I got this idea from BigPhatpastor. What would happen if superheroes were saved by the love of Jesus Christ? I’m not religious at all: I’m an atheist, but I’ve probably been to more church services than any other atheist on the planet. So I think about religion a lot. A force that is prevalent as religion should be front and centre in your mind, whether you’re religious or not.

Superheroes, the kind you see in comic books, are sort of like gods to begin with. They wrestle with a lot of the same moral quandaries that plagued the biblical characters. So what would happen if superheroes experienced the same religious epiphanies that happens to us regular people?

1.  Batman – there is little question as to what would happen to this guy. Batman already has a bit of a God complex, and not only that, he has an obsession with law and order.
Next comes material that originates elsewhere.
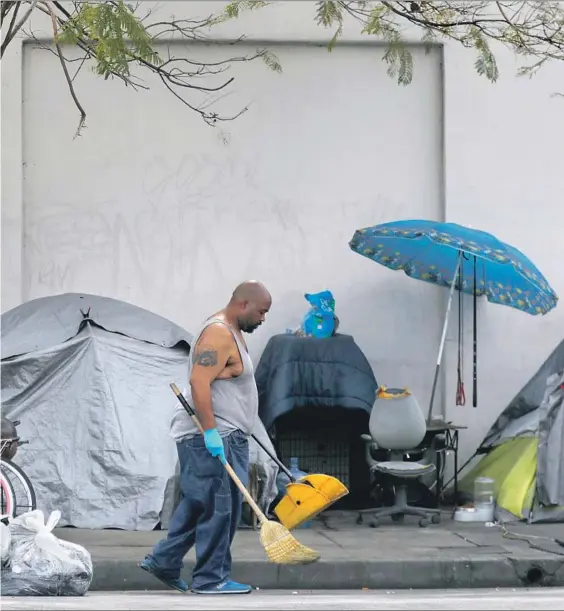  ?? Photograph­s by Francine Orr Los Angeles Times ?? DUANNE HARDAWAY, 44, known on the streets as X — as in extra large, 6 feet 3 and 368 pounds — cleans up his area of the homeless encampment where he lives on Broadway Place in South Los Angeles. X had been homeless most of his life, starting when his father threw him out as a teen. At first, he squatted in abandoned buildings.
The death of his parents spurred him into wearing a silly blue costume and and a mask with bat-ears. So Batman? He would be a religious extremist. The background is there already. He would be the  guy who would maybe not plant bombs himself, but would be the mastermind behind all the logistics of a large-scale terror operation. The mid-east and possibly the United States would be dramatically different with a Christian Batman on the scene. Batman would be the most dangerous religious person alive.

2. Hulk - The Hulk is powerful, violent, and prone to childish misunderstandings. He is the reformed criminal you might see sitting by himself in the first or second pew on Sunday morning, staring brutishly down into the Bible and tearfully hanging onto every word the minister says. The Hulk has spent much of his life looking to be left along, for peace and quiet, and it is precisely someone like that who needs religion. He would need  somewhere to go every week, and perhaps he needs a place to go a few times during the week when he feels really angry. (And you wouldn’t like to see him get angry). I don’t think the church he would attend would have anything to fear from him, but if someone tried to replace the church with a shopping mall, look out!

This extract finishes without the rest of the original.